* [Material for this task]
--------------------------------

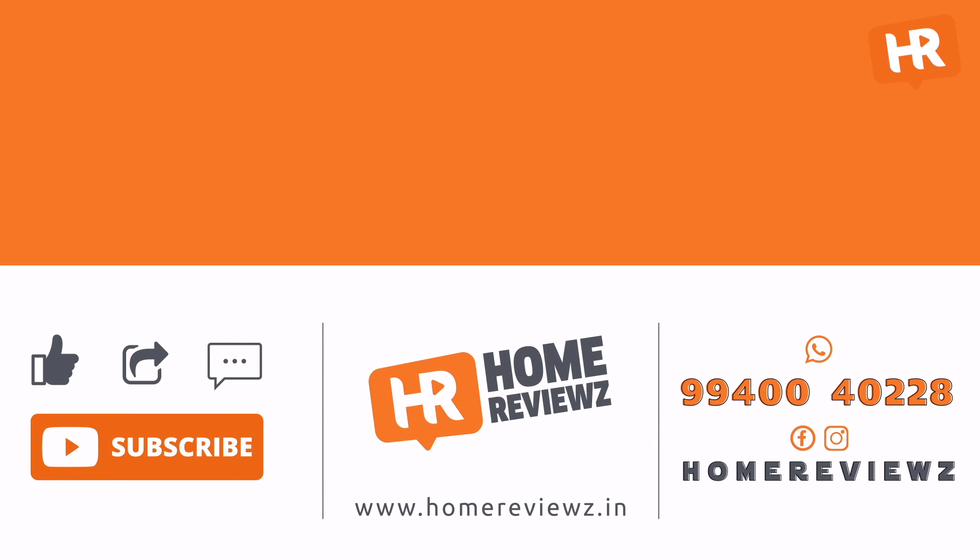Until next time, this is Krishna signing off. Like, share, and subscribe to Home Reviews.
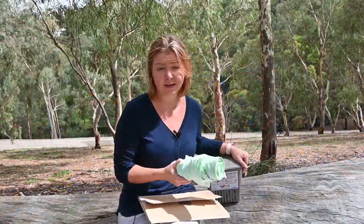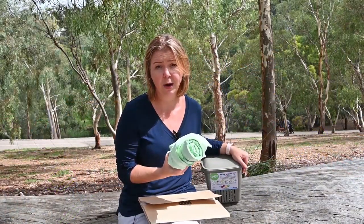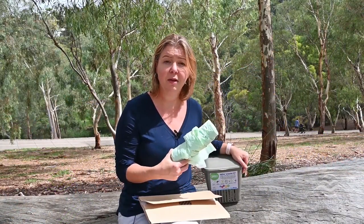Council provides residents with compostable bags to put their kitchen scraps in, but you can also put them in loose or wrapped in paper. You can also buy compostable bags from local supermarkets, but make sure they have a certified symbol and are compostable — not biodegradable or plastic.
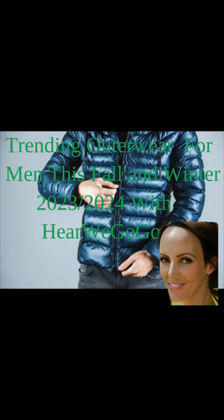Trending outerwear for men this fall and winter with Here We Go Go. As we look ahead to fall and winter 2023-2024, there are several outerwear trends capturing the attention of fashion-forward men. One of the key trends for the upcoming seasons is the resurgence of classic silhouettes with a modern twist. Timeless designs such as pea coats, trench coats, and bomber jackets are being reinvented with unexpected details and innovative materials.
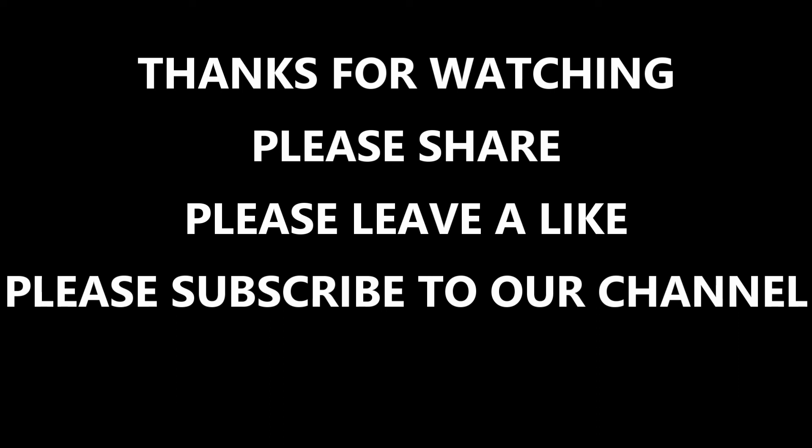Thanks for watching the video. If you like the video, please leave a like and subscribe to my channel. If you have any questions, please feel free to ask in the comment section below.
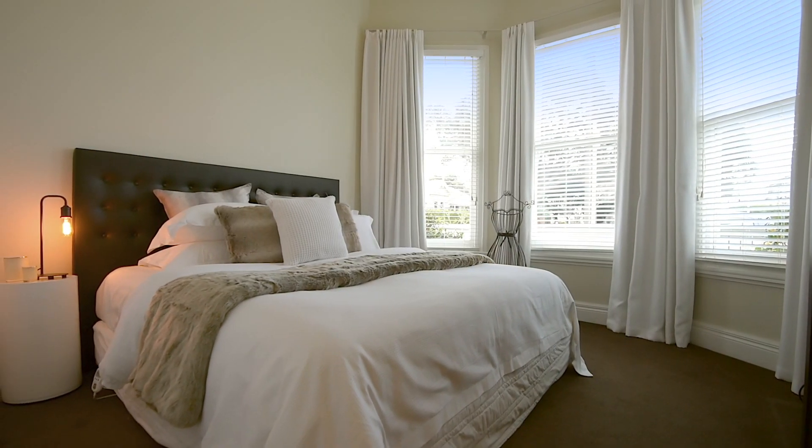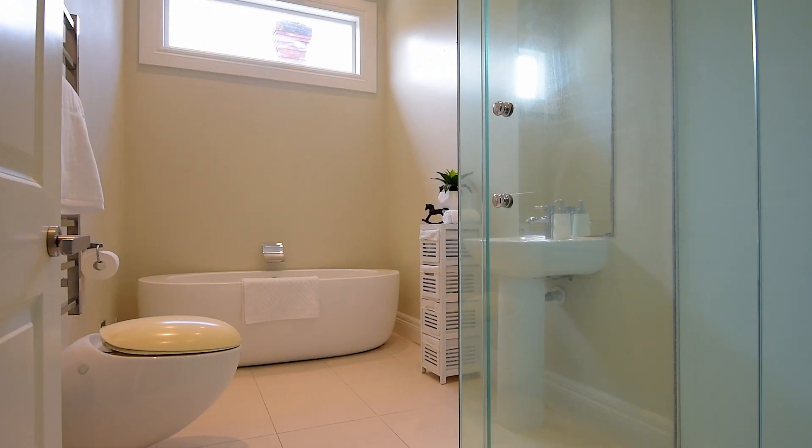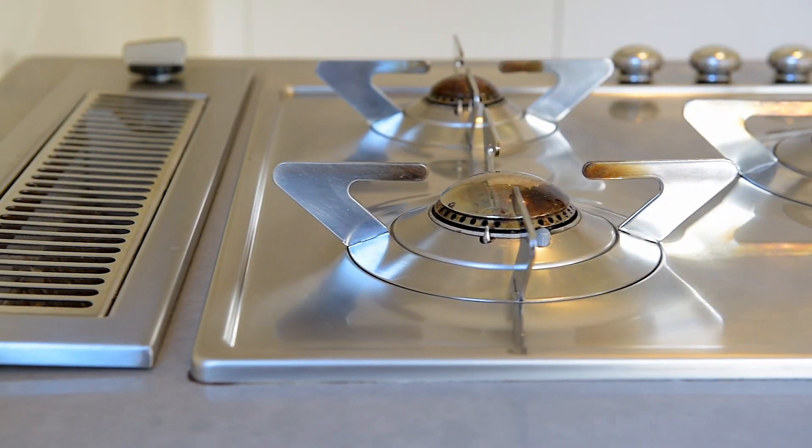With three double bedrooms complete with built-in wardrobes, there's plenty of storage. Stylishly renovated, this immaculately presented home is warm and inviting. Simply move in and enjoy.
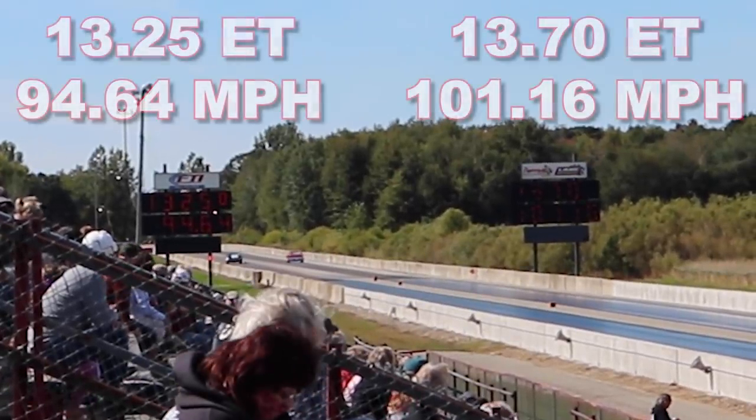The Chevelle wins the first round, running a 13.25 second quarter mile at 94.64 miles per hour. Meanwhile, the GTO ran a 13.70 second quarter mile at 101.16 miles per hour. Let's check out round two and see if the GTO can even the score.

--------------------------------

* [What is being asked] Copy out the listing word for word and skip its pictures.

* [Answer space]
Until next time, this is Krishna signing off. Like, share, and subscribe to Home Reviews.
Council provides residents with compostable bags to put their kitchen scraps in, but you can also put them in loose or wrapped in paper. You can also buy compostable bags from local supermarkets, but make sure they have a certified symbol and are compostable — not biodegradable or plastic.
Trending outerwear for men this fall and winter with Here We Go Go. As we look ahead to fall and winter 2023-2024, there are several outerwear trends capturing the attention of fashion-forward men. One of the key trends for the upcoming seasons is the resurgence of classic silhouettes with a modern twist. Timeless designs such as pea coats, trench coats, and bomber jackets are being reinvented with unexpected details and innovative materials.
Thanks for watching the video. If you like the video, please leave a like and subscribe to my channel. If you have any questions, please feel free to ask in the comment section below.
With three double bedrooms complete with built-in wardrobes, there's plenty of storage. Stylishly renovated, this immaculately presented home is warm and inviting. Simply move in and enjoy.
The Chevelle wins the first round, running a 13.25 second quarter mile at 94.64 miles per hour. Meanwhile, the GTO ran a 13.70 second quarter mile at 101.16 miles per hour. Let's check out round two and see if the GTO can even the score.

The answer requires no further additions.